[EXERCISE BRIEF]: Look below for the line containing "remy human hair" and the line containing "Pre Owned Chanel", then set down both and every line between them exactly, without pictures.

[DATASET RECORDS]:
━━━

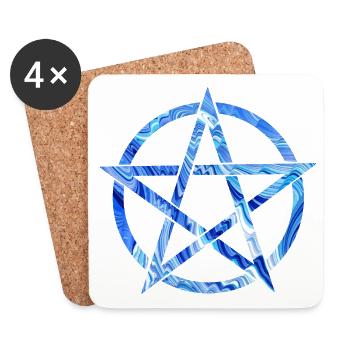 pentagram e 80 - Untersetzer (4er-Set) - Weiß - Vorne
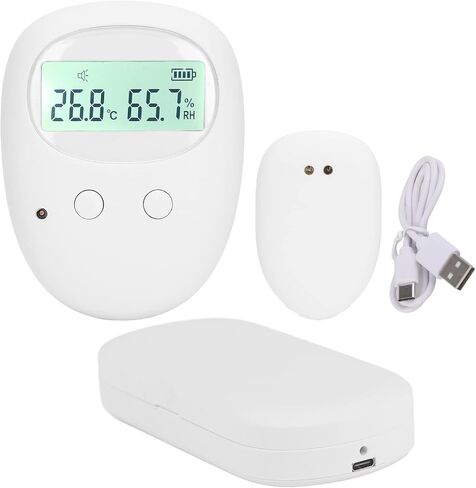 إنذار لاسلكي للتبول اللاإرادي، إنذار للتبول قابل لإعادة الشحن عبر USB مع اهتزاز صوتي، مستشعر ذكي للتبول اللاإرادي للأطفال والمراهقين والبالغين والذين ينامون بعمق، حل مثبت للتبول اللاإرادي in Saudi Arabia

━━━

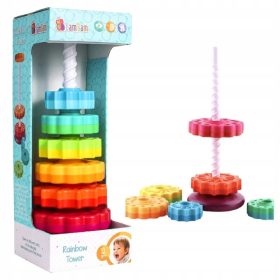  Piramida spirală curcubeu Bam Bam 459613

━━━

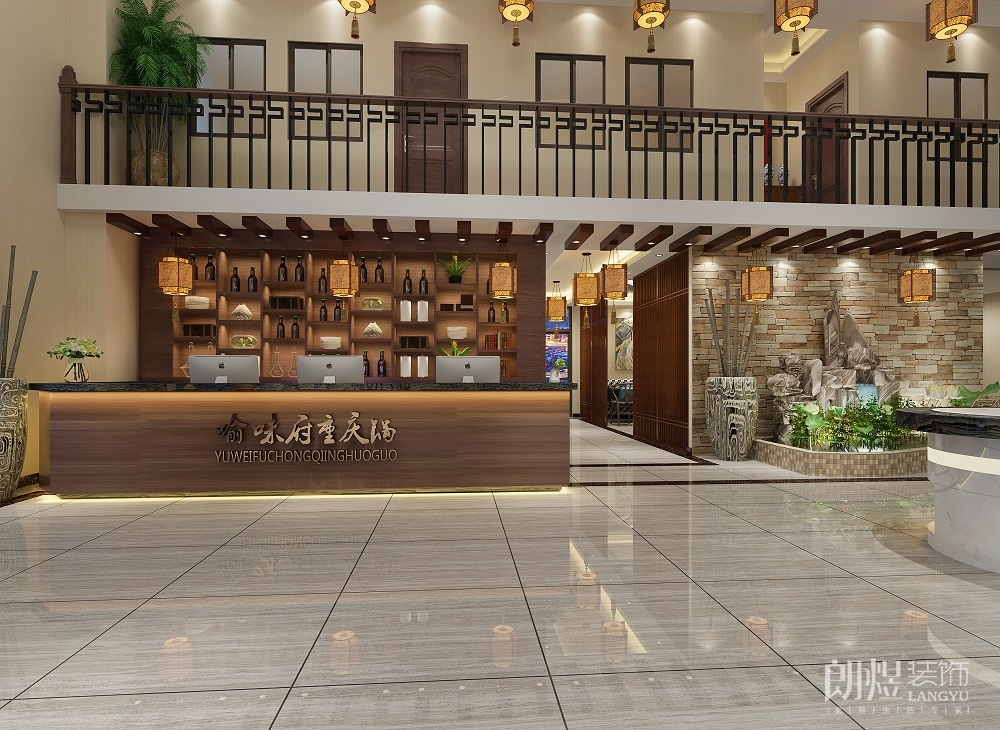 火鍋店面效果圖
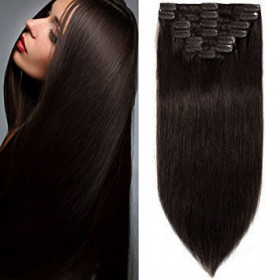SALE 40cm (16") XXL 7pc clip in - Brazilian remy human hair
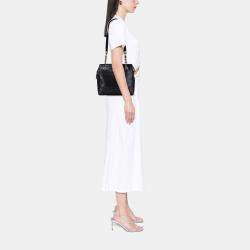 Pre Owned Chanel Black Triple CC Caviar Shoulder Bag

━━━

[ANSWER BOX]:
SALE 40cm (16") XXL 7pc clip in - Brazilian remy human hair
 Pre Owned Chanel Black Triple CC Caviar Shoulder Bag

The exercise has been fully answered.